If it was just Epiphanius, then fine, he got it wrong or his sources were unreliable. But it isn’t: all the written accounts of James have a strange property of contradicting the beliefs about him as the first Christian bishop in Jerusalem and the brother of Jesus of Nazareth. All of them.
James is first registered in Paul’s letters. However, if you read my previous essays in the blog (How Many Were the Twelve, Through the Galatians Darkly), you would know that I do not consider two of the mentions to be an authentic Paul. Paul’s first visit to Jerusalem (Gal 1:18-24) is highly suspect as Paul has no reference to James and Cephas from the first visit, when he goes to Jerusalem the second time
Paul’s 1 Cr 15:3-11 also is a later interpolation. It was inserted by the Nazorean Petrines to combat Mark’s claim on the primacy of Paul’s gospel’s proclamation of the resurrected Christ. The passage lists James as one of those of whom Jesus was seen after his death. However, despite almost all documents agreeing on an undisputed leadership of James, in this inventory of Jesus appearances, his was listed low, after Cephas, the Twelve and some five hundred brethren who had seen Jesus at one time.
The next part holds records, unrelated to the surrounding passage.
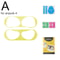 AirPods 4 Dust Cover Metal Sticker Protector Sleek AntiDust Shield For LongLasting Earbuds 6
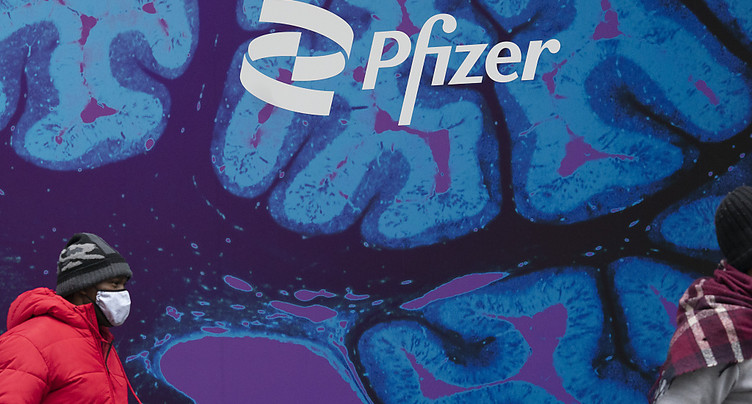 Pfizer annonce le rachat de Global Blood Therapeutics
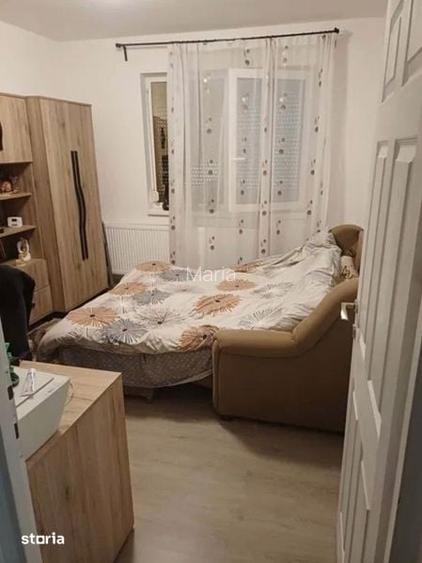 Apartament 2 camere decomandate 50 mp str Rodnei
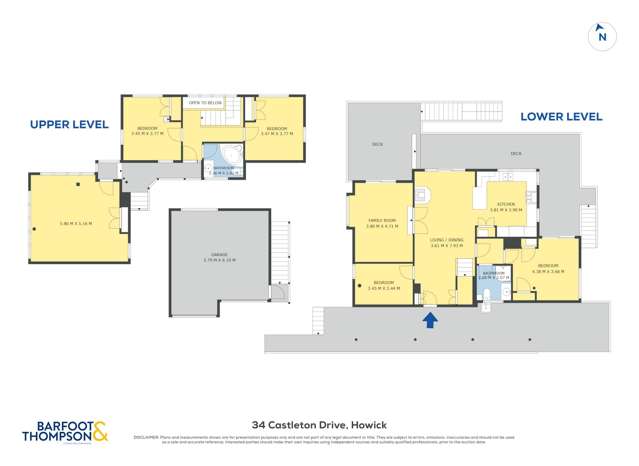 34 Castleton Drive Mellons Bay_1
The only genuine reference to James in Paul is in Gal 2:12, where men come from James to Antioch and Cephas out of fear of the great leader withdraws from Gentile tables. If you read my essay on Galatians you would see I dispute the generally held view that James the “pillar” refers to James the Just. The latter simply was too dominant figure by all accounts, and his authority over the messianic groups extended far and wide, for Paul to have referred to him as “so-called pillar”, and claimed that he “added nothing” to his stature of apostle.
Outside of Paul’s corpus , chronologically , the first mention of him comes from the Gospel of Thomas:
GoT(12) The disciples said to Jesus : "We know that You will leave from us. Who is to be our leader ?" Jesus said to them : “From wherever you are now, You are to go to James the Just, for whose sake heaven and earth came into being."
This is an oracle of Jesus, which speaks, as it presumes an unknown locale of the disciples. Jesus “leaving” the disciples refers to the cease of the spirit phenomena through which they “see” him. The saying then directs those who have had the Jesus experience and possess the oracle to go to James the Just, in Jerusalem, once the oracular powers leave them. James is the divinely mandated protector of the Jesus oracle. This saying would have made no sense if it dated after James’ death in 62. Evidently, even if the reader of this does want to maintain it is real Jesus who speaks, then it would need to be explained why he is Jesus referring to his brother by a nickname he acquired after Jesus’ death as a leader of his church.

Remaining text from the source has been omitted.